▶ What you should do
Below is a listing. Write out exactly its lines between the one holding "COS'ALES - Beaux" and the one holding "Vacation home with", inclusive.

▶ Supplied information
--- --- ---
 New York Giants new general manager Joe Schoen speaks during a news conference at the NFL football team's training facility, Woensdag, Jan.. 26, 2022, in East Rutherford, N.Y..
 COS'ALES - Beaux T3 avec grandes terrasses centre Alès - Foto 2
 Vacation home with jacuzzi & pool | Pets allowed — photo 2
--- --- ---
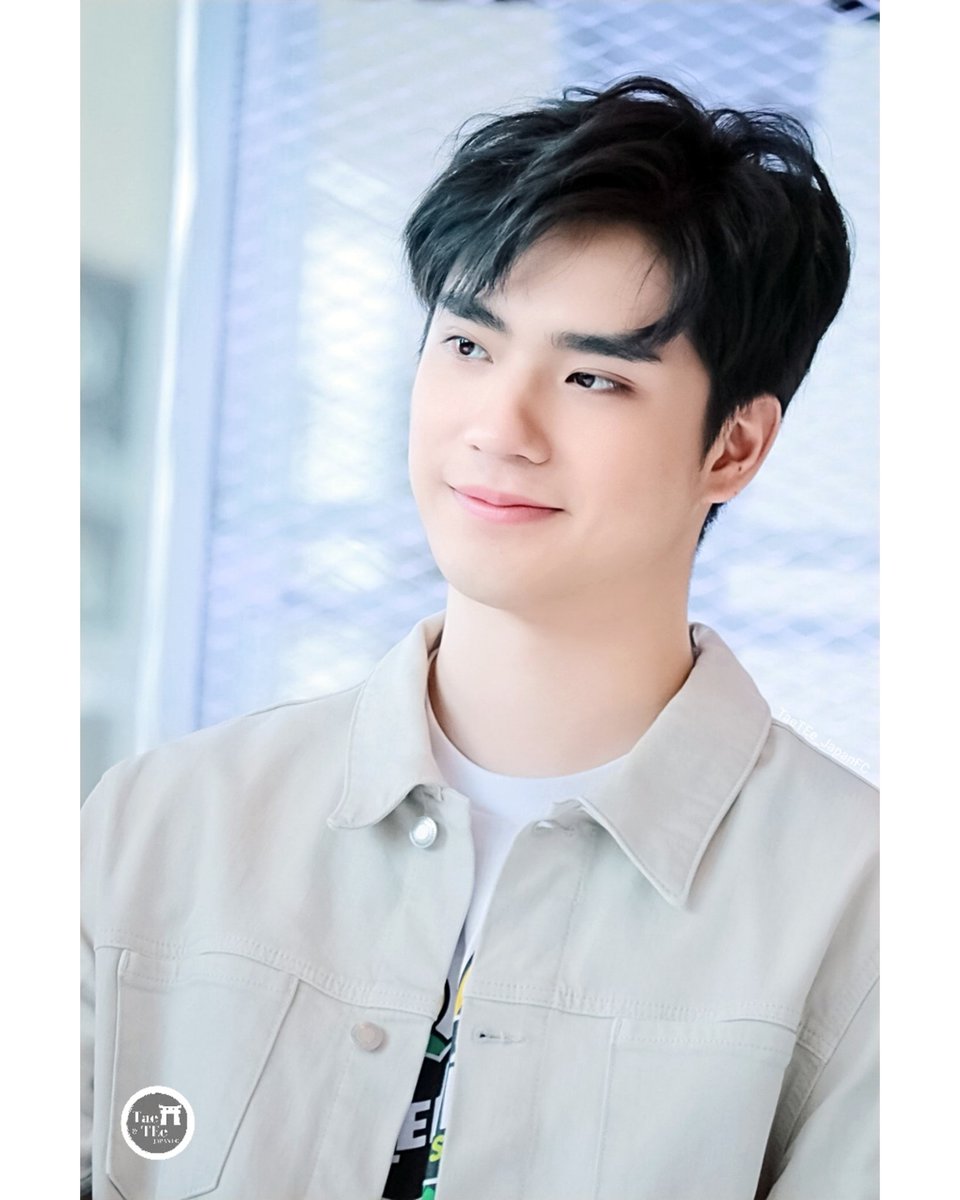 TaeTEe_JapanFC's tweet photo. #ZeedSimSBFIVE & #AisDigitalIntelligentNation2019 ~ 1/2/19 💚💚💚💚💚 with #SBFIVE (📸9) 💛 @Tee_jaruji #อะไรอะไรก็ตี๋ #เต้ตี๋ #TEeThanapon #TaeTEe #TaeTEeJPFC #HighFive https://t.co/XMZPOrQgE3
--- --- ---
▶ Answer
 COS'ALES - Beaux T3 avec grandes terrasses centre Alès - Foto 2
 Vacation home with jacuzzi & pool | Pets allowed — photo 2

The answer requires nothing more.